Young republicans held a forum for local candidates to discuss city concerns.

The Philadelphia Federation of Young Republicans held a candidates’ forum for republican candidates for City Council on Saturday, Oct. 29. Candidates from the 169th district had a final opportunity to promote their campaigns at the St. Michael Orthodox Church in Northern Liberties.

Speakers included Karen Brown, Denny O’Brien, David Oh, Al Schmidt, Judge Ann Marie Coyle, Michael Untermeyer, Joe McColgan, Al Taubenberger, Lou Harris Jr., Judge Ken Powell and Linda Bateman.

John Featherman, who lost to Brown, the republican candidate for mayor, emceed the event.

Attendees were mostly aides and members of campaigns, although campaign workers said they promoted the event to voters in every neighborhood of the city. Steven Boc, chairman of the Philadelphia Federation of Young Republicans, estimated a peak of 50 attendees.

“We expected that we would fill the room, but this is really bad weather,” Featherman said. “Considering the circumstances, we’re happy with it.”

Featherman asked candidates his questions, which they had seven minutes to answer.

“The question will not be a negative question.

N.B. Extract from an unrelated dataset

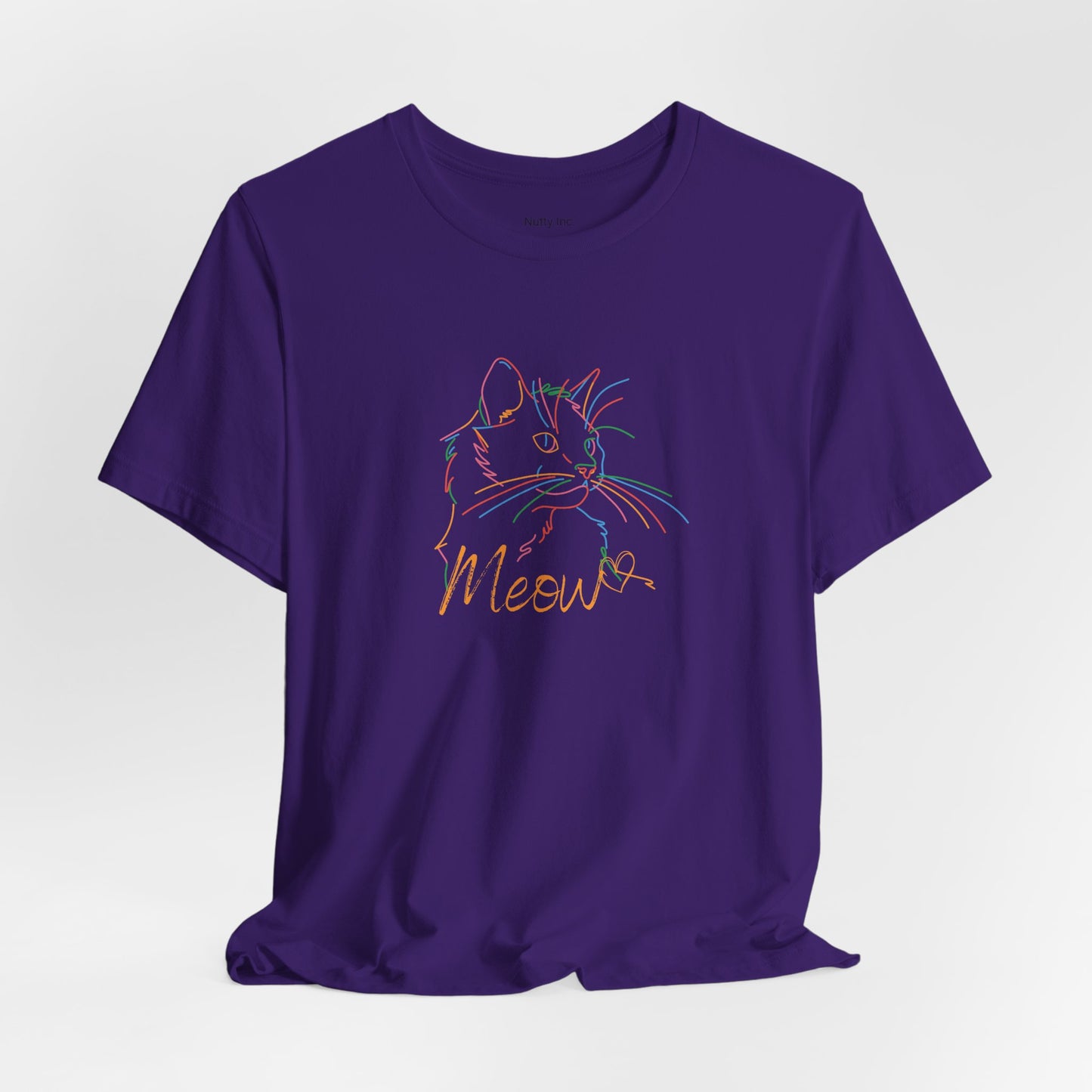 Meow. Cat with purrty color outlines. Unisex Jersey Short Sleeve Tee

The question will be about something that has not been brought up,” Featherman said before the speeches began.

Candidates focused on issues of public education reform and business tax breaks to bring industry and manufacturing back to Philadelphia.

Oh, an at-large candidate for City Council, stressed drawing international companies to the city.

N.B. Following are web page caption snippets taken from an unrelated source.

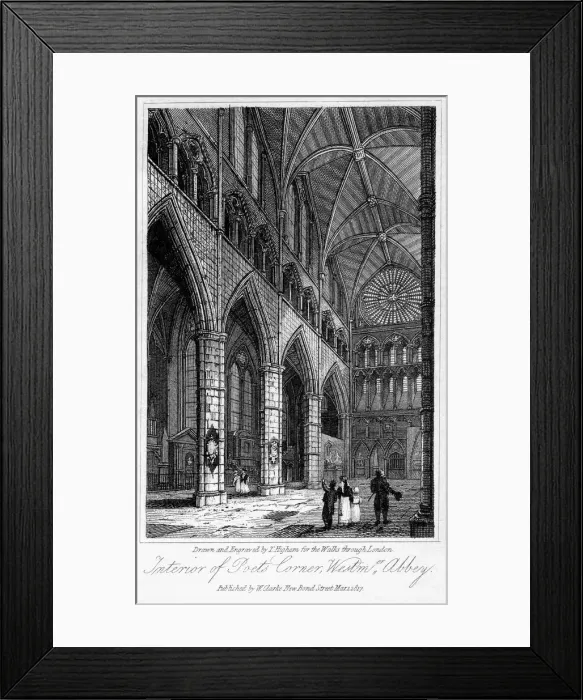 Framed Print : Interior of Poets Corner, Westminster Abbey, London, 1817. Artist: Thomas Higham Framed Print : Interior of Poets Corner, Westminster Abbey, London, 1817. Artist: Thomas Higham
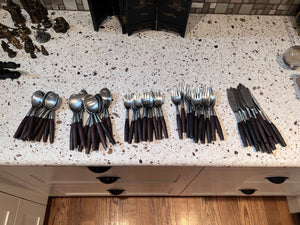 Mid Century Modern Japanese Stainless, Dark Teak Handle- Fjord Design Flatware Set (Service for 12)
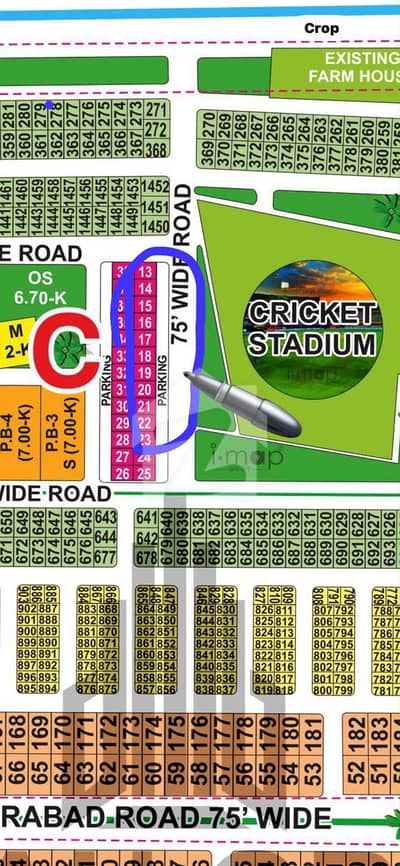 C Block 75ft Plus Facing Stadium 7 Marla Commercial For Sale Lda City Lahore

“I think it is a very practical thing that we have to do to retain and attract those people with skills and abilities and degrees who are already in our city or want to come to our city for what our city really offers,” Oh said. “We need real money, real dollars.”

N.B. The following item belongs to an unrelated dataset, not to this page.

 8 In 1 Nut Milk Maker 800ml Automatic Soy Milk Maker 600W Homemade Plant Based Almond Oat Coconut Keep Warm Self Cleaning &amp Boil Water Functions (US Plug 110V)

Another at-large candidate, McColgan, and candidate for traffic court judge Harris Jr. cited inefficiency on the part of city government.

“I don’t want to tweak the system. I want to blow the system up, because the system is broken,” McColgan said.

The rally focused on improving the republican presence in the city.

There are 127,579 registered republican voters in Philadelphia County out of 1,018,294 total registered voters, according to the Pennsylvania Department of State, as of Oct. 24. There are 798,319 registered democratic voters.

“I truly believe that, as a republican especially, when we win this election, we will have to set a higher standard,” Brown said. “It’s been a long time since a republican’s been there, it’ll be the first time a woman’s been [mayor], and it’ll be since 1869 an incumbent was taken down. So we have to be above board, and we have to be truly ethical when we get in.”

Erik Jacobs, president of Temple University College Republicans, works on Al Schmidt’s campaign for City Commissioner.

Jacobs represented the student organization at the forum.

“I’ve heard it all before, but it’s nice to get it all again one more time before we come down the final stretch,” Jacobs said.

“It’s important to come out and show support of the candidates, and this [event] was kind of different, because they had to answer different kinds of questions,” Jacobs added. “So it was really nice to hear the different kinds of perspectives they had on the issues.”